Although the savage cuts to local government budgets announced this week might mean your bins spill aimlessly onto the street and the village library becomes a derelict haven for youth vandalism, there could be a silver lining for investors.
Outsourcers and consultants are likely to benefit as they try to make the sprawling local government machine more efficient. You might have to travel further to borrow the latest Dan Brown page-turner from your not-so-local library, but hopefully, you'll receive a tasty long-term return on your investments.
That's because Communities Secretary Eric Pickles' cuts are front-loaded, with the formula grant from central government coffers reduced by 9.9 per cent next year and 7.3 per cent the following year. Crucially, Mr Pickles was quoted as recommending that authorities share chief executives, back-office systems and increase procurement efficiency.
This urgency of rhetoric will doubtless spur the management of large outsourcers such as Capita and Serco to get their foot in the door early. It will also be encouraging for those with more niche operations, such as social housing repairs and maintenance provider, Mears. Capita estimated at the start of this year that just 30 local authorities had signed major outsourcing deals for back-office management, out of a total of 468. Since then, a few councils, such as Suffolk, have indicated they will outsource 90 per cent of work over the next 10 years. Many more are now likely to follow.
After a torrid 2010 that saw a hiatus of deal-making due to uncertain government budgets, as well as fighting talk from the Cabinet Office on suppliers' margins, this Localism Bill could mark a turning point for outsourcers and facilities management groups exposed to the sector. These companies saw a de-rating of 8.6 per cent in 2010, according to broker Peel Hunt, while the overall support services arena saw a re-rating of 16 per cent.

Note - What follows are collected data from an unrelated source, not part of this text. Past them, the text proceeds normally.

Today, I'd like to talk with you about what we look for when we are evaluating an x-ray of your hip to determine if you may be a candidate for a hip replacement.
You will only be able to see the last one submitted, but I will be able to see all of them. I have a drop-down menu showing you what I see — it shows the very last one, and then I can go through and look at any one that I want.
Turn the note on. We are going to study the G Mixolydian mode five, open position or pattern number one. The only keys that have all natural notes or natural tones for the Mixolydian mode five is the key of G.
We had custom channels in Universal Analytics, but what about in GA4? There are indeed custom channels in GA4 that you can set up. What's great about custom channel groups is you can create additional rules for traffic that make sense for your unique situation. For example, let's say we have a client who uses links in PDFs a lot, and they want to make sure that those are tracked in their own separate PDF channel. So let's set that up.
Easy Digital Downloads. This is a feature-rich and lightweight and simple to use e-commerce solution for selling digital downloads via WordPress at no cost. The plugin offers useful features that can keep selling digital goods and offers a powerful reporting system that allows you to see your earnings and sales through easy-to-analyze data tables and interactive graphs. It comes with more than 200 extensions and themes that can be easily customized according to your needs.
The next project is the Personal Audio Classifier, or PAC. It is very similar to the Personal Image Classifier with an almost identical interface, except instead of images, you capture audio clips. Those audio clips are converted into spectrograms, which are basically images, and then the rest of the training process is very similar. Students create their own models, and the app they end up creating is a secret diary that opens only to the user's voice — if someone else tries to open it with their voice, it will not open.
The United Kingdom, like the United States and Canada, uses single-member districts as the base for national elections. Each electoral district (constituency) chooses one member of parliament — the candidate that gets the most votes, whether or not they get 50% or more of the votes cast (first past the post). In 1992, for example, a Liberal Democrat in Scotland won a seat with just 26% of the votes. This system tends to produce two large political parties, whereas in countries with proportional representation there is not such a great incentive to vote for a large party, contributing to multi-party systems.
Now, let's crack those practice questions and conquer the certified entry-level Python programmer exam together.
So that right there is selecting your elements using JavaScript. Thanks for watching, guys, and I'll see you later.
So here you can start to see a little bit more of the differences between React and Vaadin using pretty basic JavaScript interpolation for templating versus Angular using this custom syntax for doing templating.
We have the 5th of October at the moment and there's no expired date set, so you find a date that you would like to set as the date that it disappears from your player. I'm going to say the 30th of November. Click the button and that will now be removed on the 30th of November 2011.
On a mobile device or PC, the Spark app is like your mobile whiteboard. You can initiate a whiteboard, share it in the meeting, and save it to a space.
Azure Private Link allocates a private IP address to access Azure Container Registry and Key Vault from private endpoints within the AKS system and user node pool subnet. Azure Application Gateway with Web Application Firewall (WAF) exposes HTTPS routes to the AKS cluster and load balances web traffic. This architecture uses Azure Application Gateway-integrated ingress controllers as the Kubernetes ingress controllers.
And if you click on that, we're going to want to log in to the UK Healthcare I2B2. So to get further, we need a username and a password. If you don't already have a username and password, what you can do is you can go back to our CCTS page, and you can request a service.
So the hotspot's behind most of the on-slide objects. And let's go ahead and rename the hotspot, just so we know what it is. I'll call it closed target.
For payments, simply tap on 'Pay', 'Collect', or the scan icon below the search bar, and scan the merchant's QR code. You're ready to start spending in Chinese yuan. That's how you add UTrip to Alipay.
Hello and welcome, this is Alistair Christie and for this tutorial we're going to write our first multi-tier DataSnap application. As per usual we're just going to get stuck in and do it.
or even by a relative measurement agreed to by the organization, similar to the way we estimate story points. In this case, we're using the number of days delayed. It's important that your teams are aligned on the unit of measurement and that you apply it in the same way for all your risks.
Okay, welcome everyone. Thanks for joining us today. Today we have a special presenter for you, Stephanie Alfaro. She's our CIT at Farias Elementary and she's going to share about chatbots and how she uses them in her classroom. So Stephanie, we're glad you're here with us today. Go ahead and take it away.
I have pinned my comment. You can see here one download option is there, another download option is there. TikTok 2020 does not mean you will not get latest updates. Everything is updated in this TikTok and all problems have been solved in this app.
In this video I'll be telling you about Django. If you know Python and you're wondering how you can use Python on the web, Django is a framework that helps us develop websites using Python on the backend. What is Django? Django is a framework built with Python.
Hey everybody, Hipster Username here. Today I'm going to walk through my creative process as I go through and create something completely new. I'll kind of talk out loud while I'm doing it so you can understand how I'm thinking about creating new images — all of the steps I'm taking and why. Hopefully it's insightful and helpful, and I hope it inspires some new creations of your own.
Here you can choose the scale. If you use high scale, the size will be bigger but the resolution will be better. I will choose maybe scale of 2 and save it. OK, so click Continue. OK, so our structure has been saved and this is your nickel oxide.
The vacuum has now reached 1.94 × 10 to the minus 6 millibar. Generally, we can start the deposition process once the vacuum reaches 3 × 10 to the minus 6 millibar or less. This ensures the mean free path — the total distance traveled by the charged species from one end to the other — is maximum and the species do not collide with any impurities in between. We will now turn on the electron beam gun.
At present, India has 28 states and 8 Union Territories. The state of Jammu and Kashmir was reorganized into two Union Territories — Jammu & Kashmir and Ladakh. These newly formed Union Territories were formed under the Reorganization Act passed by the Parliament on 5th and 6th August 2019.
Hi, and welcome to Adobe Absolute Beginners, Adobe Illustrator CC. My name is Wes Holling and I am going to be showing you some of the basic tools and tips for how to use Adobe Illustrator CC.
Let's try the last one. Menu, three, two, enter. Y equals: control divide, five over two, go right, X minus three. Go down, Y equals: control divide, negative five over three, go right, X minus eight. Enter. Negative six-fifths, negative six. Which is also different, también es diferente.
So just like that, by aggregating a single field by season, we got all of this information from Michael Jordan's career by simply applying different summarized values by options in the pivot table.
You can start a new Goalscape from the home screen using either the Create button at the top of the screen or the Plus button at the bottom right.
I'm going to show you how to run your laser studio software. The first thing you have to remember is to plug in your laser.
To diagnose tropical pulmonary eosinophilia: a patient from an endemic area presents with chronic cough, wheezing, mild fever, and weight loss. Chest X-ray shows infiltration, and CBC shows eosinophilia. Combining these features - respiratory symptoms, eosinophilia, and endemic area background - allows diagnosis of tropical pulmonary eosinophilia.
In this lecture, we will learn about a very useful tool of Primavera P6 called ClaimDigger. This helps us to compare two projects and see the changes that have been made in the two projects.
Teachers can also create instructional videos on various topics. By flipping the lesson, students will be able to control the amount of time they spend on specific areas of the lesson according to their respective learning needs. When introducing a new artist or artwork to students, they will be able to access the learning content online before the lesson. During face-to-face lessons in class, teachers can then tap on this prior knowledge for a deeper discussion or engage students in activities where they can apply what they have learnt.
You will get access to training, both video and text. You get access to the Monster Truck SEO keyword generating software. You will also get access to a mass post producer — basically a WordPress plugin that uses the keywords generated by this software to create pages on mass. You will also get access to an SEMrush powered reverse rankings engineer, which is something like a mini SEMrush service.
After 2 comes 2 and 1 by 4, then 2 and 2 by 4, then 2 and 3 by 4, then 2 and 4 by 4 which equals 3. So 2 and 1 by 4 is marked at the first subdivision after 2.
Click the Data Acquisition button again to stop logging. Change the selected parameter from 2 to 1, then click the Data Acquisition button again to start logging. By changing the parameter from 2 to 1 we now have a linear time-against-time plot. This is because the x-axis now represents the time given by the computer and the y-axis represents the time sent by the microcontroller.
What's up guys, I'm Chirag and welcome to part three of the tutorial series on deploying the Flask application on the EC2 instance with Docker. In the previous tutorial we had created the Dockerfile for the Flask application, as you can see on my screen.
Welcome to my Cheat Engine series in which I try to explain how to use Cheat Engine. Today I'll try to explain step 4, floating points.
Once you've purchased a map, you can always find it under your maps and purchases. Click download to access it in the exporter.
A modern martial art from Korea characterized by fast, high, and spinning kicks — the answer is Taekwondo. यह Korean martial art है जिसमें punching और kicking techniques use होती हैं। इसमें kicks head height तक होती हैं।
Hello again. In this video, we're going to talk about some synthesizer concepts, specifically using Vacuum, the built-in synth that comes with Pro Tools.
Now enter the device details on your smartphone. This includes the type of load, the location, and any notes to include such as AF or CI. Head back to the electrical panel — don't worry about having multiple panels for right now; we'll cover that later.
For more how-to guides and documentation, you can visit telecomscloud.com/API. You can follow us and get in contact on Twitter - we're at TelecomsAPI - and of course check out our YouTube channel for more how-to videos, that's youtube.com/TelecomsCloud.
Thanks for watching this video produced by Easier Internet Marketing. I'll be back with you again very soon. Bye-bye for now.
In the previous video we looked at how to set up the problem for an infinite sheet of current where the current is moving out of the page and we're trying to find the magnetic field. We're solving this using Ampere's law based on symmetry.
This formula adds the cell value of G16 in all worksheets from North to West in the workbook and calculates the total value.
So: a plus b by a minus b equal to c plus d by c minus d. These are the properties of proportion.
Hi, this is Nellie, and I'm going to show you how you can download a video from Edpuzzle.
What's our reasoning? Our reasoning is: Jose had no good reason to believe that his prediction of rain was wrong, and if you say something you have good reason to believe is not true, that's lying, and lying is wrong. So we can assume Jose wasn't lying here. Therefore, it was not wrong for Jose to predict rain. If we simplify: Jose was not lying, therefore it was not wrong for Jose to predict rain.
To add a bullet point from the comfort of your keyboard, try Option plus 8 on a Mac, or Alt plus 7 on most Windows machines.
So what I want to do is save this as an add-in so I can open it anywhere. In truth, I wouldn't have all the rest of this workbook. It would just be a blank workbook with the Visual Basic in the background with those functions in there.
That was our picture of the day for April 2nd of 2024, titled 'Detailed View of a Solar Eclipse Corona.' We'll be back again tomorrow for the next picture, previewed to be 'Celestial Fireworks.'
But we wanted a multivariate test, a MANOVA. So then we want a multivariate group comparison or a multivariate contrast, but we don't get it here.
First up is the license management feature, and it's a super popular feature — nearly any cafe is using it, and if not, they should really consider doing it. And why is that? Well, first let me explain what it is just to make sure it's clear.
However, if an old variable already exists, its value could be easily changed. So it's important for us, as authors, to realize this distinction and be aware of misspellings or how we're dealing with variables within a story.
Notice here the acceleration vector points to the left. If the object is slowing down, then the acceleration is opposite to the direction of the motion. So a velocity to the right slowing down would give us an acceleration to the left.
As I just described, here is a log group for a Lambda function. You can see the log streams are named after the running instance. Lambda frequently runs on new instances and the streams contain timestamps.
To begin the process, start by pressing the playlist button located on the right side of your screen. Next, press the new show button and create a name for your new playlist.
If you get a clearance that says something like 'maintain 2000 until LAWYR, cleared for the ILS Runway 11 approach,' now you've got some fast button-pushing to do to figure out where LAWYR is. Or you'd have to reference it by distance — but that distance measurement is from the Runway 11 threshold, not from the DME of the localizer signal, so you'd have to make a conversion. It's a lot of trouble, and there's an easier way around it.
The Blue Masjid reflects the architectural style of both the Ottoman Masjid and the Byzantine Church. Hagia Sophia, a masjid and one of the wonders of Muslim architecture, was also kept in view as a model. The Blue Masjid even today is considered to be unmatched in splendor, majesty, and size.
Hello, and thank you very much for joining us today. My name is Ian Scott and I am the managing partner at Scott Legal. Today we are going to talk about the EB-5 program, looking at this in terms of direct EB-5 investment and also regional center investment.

Serco was the only winner among the outsourcers, seeing a 14 per cent re-rating, which could be due to group's greater international exposure compared with Capita and Babcock. But we think Babcock's transformational VT deal will mean the shares make ground in 2011, while Mouchel's high local government exposure and strong de-rating in 2010 compared with other consultants, might mean its shares also have a good year.